Em relação a medidas que podem ajudar a evitar casos de agressão, o coronel da reserva cita como alternativas o reforço do treinamento, da fiscalização e a assinatura de convênios com institutos, empresas e instituições de ensino que combatem qualquer tipo de discriminação.
Sem comentar o caso específico, a Associação Gaúcha de Supermercados (Agas) informou que acompanha assuntos legais ligados ao setor por meio de departamento jurídico, auxiliando os associados, mas não tem uma cartilha ou manual de orientações específicas sobre atuação na área de segurança patrimonial, pois isso depende de cada estabelecimento.

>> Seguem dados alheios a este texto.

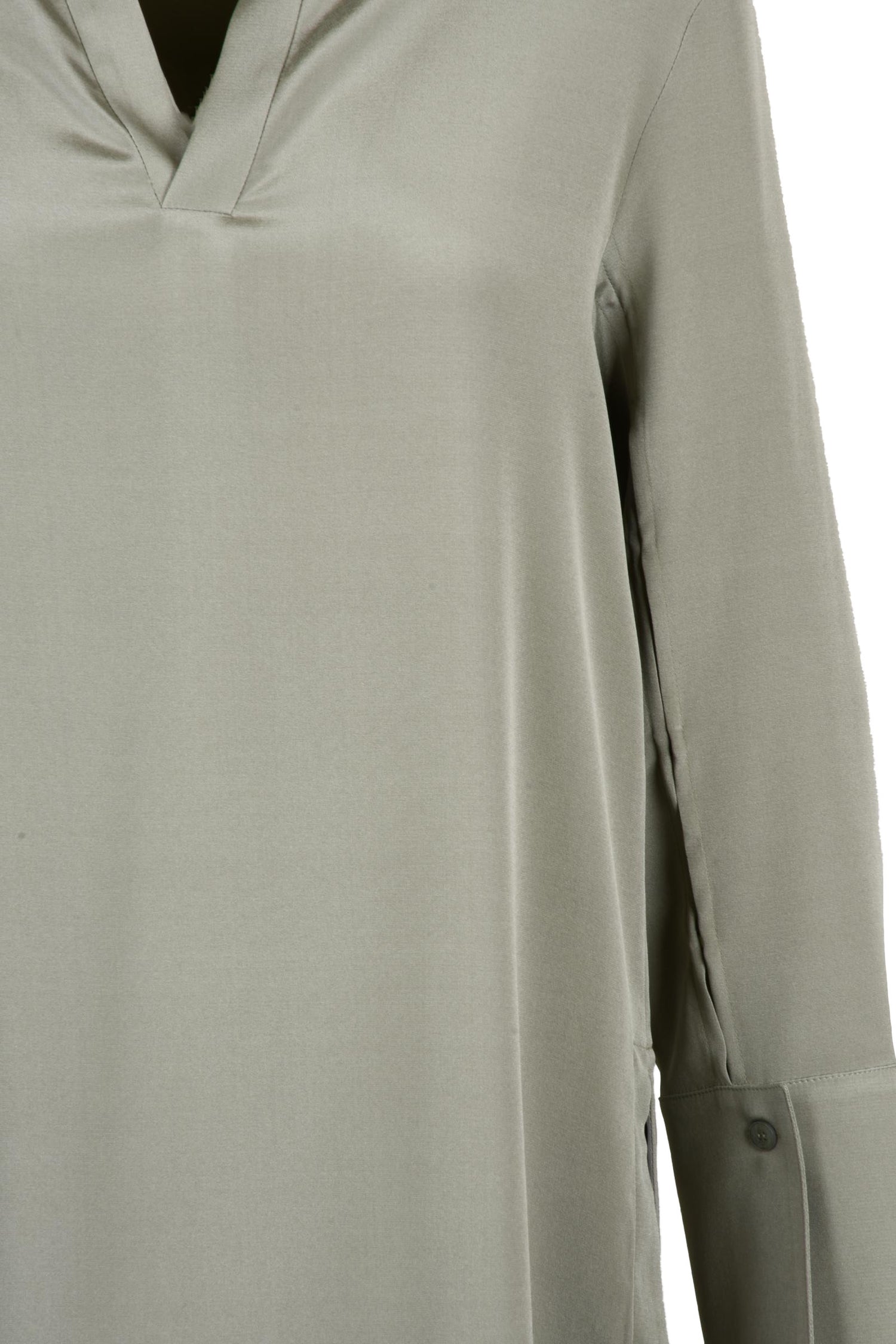MAX MARA - SHIRT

Fiscalização na empresa responsável
A Polícia Federal informou que realiza fiscalização no Grupo Vector, responsável pela segurança no hipermercado Carrefour, onde a vítima foi morta. Dois homens foram presos em flagrante por homicídio triplamente qualificado. A PF destaca que um deles é vigilante profissional, com Carteira Nacional de Vigilante (CNV). No entanto, não há registro na Polícia Federal de seu vínculo profissional com o Grupo Vector. O segundo homem envolvido na ocorrência não possui Carteira Nacional de Vigilante. É um policial militar temporário, que, segundo informações preliminares, estaria trabalhando no local. Esse ponto ainda está sendo investigado.
Segundo a PF, fiscalização ordinária anual no Grupo Vector em 28 de agosto não encontrou irregularidades.
O que diz a Brigada Militar
"Imediatamente após ter sido acionada para atendimento de ocorrência em supermercado da Capital, a Brigada Militar foi ao local e prendeu todos os envolvidos, inclusive o PM temporário, cuja conduta fora do horário de trabalho será avaliada com todos os rigores da lei.
Cabe destacar ainda que o PM Temporário não estava em serviço policial, uma vez que suas atribuições são restritas, conforme a legislação, à execução de serviços internos, atividades administrativas e videomonitoramento, e, ainda, mediante convênio ou instrumento congênere, guarda externa de estabelecimentos penais e de prédios públicos.
A Brigada Militar, como instituição dedicada à proteção e à segurança de toda a sociedade, reafirma seu compromisso com a defesa dos direitos e garantias fundamentais, e seu total repúdio a quaisquer atos de violência, discriminação e racismo, intoleráveis e incompatíveis com a doutrina, missão e valores que a Instituição pratica e exige de seus profissionais em tempo integral."
O que diz o Carrefour
"O Carrefour informa que adotará as medidas cabíveis para responsabilizar os envolvidos neste ato criminoso. Também romperá o contrato com a empresa que responde pelos seguranças que cometeram a agressão. O funcionário que estava no comando da loja no momento do incidente será desligado. Em respeito à vítima, a loja será fechada.
Entraremos em contato com a família do senhor João Alberto para dar o suporte necessário. O Carrefour lamenta profundamente o caso. Ao tomar conhecimento deste inexplicável episódio, iniciamos uma rigorosa apuração interna e, imediatamente, tomamos as providências cabíveis para que os responsáveis sejam punidos legalmente.
Para nós, nenhum tipo de violência e intolerância é admissível, e não aceitamos que situações como estas aconteçam. Estamos profundamente consternados com tudo que aconteceu e acompanharemos os desdobramentos do caso, oferecendo todo suporte para as autoridades locais."
O que diz a empresa Vector
“O Grupo Vector, através de seu advogado, vem a público informar que lamenta profundamente os fatos ocorridos na noite de 19/11/2020, se sensibiliza com os familiares da vítima e não tolera nenhum tipo de violência, especialmente as decorrentes de intolerância e discriminação.
Informa que todos seus colaboradores recebem treinamento adequado inerente as suas atividades, especialmente quanto à prática do respeito às diversidades, dignidade humana, garantias legais, liberdade de pensamento, ideologia política, bem como à diversidade racial e étnica.
A empresa já iniciou os procedimentos para apuração interna acerca dos fatos e tomará as medidas cabíveis, estando à disposição das autoridades e colaborando com as investigações para apuração da verdade.”